> **THE INPUT**
--- --- ---

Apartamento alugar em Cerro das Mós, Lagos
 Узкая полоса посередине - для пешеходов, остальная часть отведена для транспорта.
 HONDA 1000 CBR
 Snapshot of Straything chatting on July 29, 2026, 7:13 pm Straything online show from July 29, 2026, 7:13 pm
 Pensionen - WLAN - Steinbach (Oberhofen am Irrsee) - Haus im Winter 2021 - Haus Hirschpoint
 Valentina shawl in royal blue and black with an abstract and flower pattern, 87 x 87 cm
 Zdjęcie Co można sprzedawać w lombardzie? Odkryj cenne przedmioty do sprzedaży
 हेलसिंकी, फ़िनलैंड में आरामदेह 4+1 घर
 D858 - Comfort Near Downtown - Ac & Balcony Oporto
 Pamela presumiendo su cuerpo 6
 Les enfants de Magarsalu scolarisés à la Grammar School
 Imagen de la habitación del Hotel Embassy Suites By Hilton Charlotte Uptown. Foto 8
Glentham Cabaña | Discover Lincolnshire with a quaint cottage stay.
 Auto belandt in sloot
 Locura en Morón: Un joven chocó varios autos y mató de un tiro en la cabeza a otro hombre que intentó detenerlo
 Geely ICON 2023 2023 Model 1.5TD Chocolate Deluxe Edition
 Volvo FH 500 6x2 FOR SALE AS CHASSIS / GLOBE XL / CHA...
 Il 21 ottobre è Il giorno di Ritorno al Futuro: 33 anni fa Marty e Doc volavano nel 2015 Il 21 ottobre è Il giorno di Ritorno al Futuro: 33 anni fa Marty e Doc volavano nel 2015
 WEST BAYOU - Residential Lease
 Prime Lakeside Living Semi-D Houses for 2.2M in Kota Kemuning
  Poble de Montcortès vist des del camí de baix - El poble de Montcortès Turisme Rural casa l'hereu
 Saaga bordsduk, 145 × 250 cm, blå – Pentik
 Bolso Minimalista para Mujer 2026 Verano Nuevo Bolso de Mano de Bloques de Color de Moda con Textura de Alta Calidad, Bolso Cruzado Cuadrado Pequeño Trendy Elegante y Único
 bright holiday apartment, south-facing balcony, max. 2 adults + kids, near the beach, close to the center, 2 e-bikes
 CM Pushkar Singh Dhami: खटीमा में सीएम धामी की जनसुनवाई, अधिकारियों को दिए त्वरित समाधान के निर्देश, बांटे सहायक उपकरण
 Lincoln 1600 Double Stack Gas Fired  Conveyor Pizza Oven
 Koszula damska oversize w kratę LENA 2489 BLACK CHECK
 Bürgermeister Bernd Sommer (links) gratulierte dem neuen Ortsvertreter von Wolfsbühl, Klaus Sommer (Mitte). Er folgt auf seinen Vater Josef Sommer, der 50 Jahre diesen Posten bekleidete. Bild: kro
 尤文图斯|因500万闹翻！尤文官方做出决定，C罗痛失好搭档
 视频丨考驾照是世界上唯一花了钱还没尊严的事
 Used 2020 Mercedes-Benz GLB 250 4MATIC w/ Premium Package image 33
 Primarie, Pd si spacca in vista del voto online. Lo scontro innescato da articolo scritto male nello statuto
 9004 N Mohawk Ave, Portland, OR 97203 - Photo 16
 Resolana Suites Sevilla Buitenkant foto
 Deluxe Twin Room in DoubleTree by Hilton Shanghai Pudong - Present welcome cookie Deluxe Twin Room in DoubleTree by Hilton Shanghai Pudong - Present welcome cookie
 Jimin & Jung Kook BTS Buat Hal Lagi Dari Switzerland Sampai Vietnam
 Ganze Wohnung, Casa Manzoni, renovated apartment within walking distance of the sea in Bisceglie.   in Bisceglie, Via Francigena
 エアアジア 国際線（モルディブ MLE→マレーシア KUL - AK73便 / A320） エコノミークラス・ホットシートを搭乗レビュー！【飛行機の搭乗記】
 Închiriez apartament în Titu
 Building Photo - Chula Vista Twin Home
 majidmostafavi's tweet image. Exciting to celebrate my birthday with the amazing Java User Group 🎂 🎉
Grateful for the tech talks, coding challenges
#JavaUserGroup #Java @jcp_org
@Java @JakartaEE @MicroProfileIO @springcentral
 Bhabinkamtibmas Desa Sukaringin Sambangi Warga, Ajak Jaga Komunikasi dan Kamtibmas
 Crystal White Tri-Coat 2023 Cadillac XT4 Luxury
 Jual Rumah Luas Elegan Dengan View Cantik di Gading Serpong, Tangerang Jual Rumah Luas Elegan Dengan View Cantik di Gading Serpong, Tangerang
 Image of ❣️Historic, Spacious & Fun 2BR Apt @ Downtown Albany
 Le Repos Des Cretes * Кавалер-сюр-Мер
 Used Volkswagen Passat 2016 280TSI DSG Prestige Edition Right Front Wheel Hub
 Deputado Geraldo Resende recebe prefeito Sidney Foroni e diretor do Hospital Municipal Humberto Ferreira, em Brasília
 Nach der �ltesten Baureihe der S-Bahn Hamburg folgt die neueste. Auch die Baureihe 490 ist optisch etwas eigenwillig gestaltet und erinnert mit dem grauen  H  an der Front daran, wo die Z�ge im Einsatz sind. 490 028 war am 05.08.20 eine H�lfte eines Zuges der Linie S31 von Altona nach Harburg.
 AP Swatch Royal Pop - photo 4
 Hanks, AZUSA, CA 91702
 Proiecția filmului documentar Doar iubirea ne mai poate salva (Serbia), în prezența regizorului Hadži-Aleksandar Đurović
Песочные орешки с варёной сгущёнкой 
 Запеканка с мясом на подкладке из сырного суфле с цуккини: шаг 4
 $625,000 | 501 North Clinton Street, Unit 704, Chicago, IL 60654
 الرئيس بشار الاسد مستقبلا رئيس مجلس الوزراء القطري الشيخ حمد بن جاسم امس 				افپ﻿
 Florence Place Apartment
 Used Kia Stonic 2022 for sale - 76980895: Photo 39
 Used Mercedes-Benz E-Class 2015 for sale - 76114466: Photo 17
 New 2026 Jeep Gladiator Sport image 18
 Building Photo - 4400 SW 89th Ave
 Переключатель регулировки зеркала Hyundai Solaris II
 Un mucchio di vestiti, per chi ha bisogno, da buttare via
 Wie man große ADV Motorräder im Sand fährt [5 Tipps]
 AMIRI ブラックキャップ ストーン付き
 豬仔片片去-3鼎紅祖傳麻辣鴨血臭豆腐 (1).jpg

--- --- ---

> **YOUR ASSIGNMENT**
The range runs from the line above containing "majidmostafavi's tweet image." to the line containing "Deputado Geraldo Resende", inclusive. Restate those lines word for word and no others.

> **TASK SOLUTION**
 majidmostafavi's tweet image. Exciting to celebrate my birthday with the amazing Java User Group 🎂 🎉
Grateful for the tech talks, coding challenges
#JavaUserGroup #Java @jcp_org
@Java @JakartaEE @MicroProfileIO @springcentral
 Bhabinkamtibmas Desa Sukaringin Sambangi Warga, Ajak Jaga Komunikasi dan Kamtibmas
 Crystal White Tri-Coat 2023 Cadillac XT4 Luxury
 Jual Rumah Luas Elegan Dengan View Cantik di Gading Serpong, Tangerang Jual Rumah Luas Elegan Dengan View Cantik di Gading Serpong, Tangerang
 Image of ❣️Historic, Spacious & Fun 2BR Apt @ Downtown Albany
 Le Repos Des Cretes * Кавалер-сюр-Мер
 Used Volkswagen Passat 2016 280TSI DSG Prestige Edition Right Front Wheel Hub
 Deputado Geraldo Resende recebe prefeito Sidney Foroni e diretor do Hospital Municipal Humberto Ferreira, em Brasília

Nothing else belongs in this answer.